***** Extracted entries

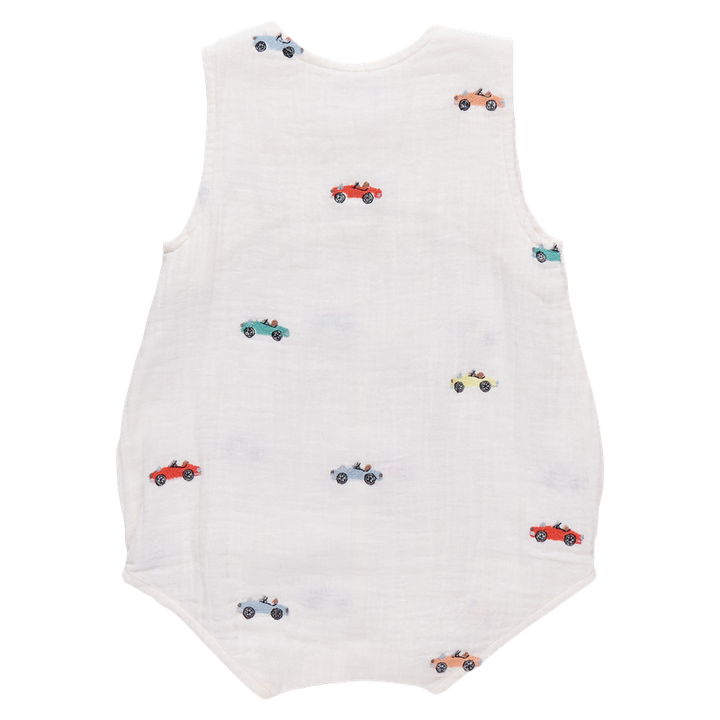 White romper with colorful car patterns on a white background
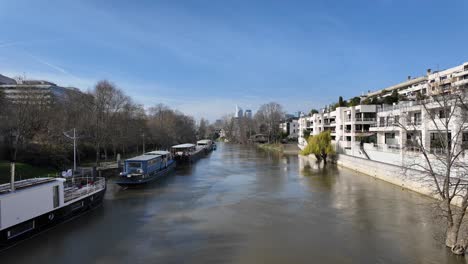 boats moored along river at neuilly-sur-seine, france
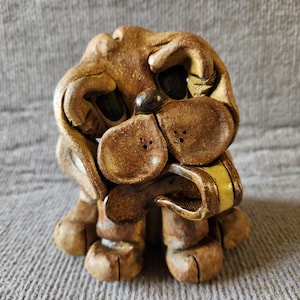 Peut inclure: Une figurine de chien en céramique brune avec une finition texturée et rustique. La sculpture présente de grandes oreilles tombantes, des yeux sombres incrustés, un museau proéminent avec de petites narines pointillées et une longue langue claire.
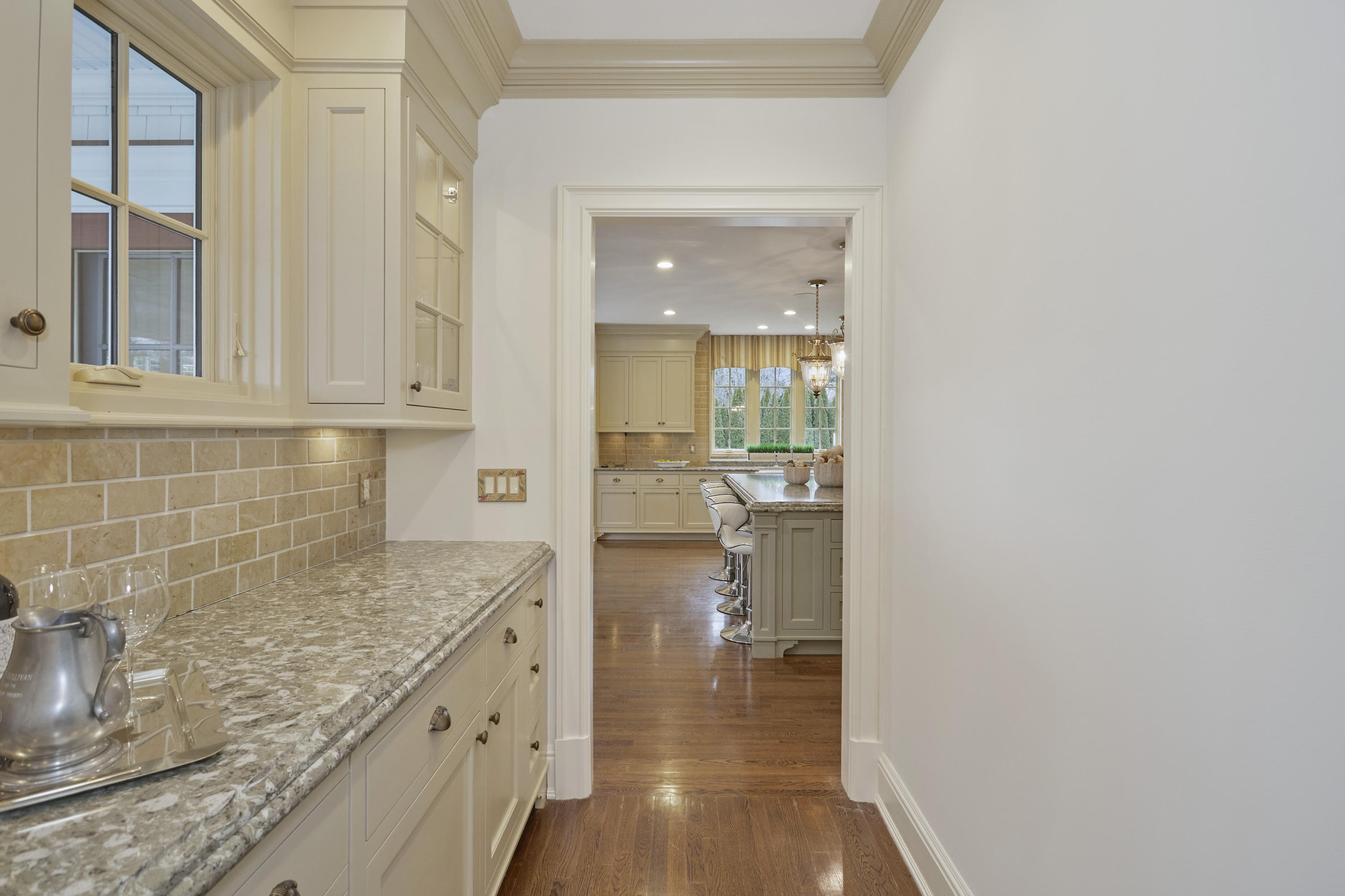 366 Brookside Road Darien, CT 06820 - Photo 12 of 40 a view of a kitchen cabinets and a counter place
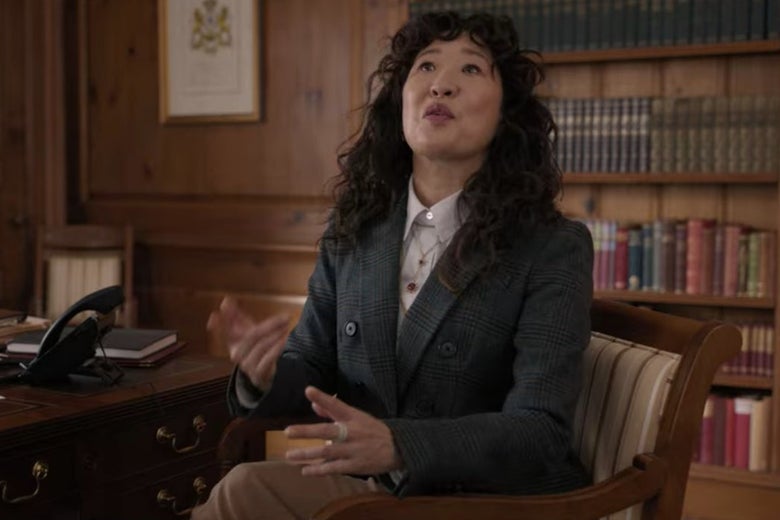 Dr. Kim sits in a chair in front of a bookshelf.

**********

[Task details]: Transcribe the entries above word for word, but leave every picture out of your copy.

[Output of the task]:
 White romper with colorful car patterns on a white background
 boats moored along river at neuilly-sur-seine, france
 Peut inclure: Une figurine de chien en céramique brune avec une finition texturée et rustique. La sculpture présente de grandes oreilles tombantes, des yeux sombres incrustés, un museau proéminent avec de petites narines pointillées et une longue langue claire.
 366 Brookside Road Darien, CT 06820 - Photo 12 of 40 a view of a kitchen cabinets and a counter place
 Dr. Kim sits in a chair in front of a bookshelf.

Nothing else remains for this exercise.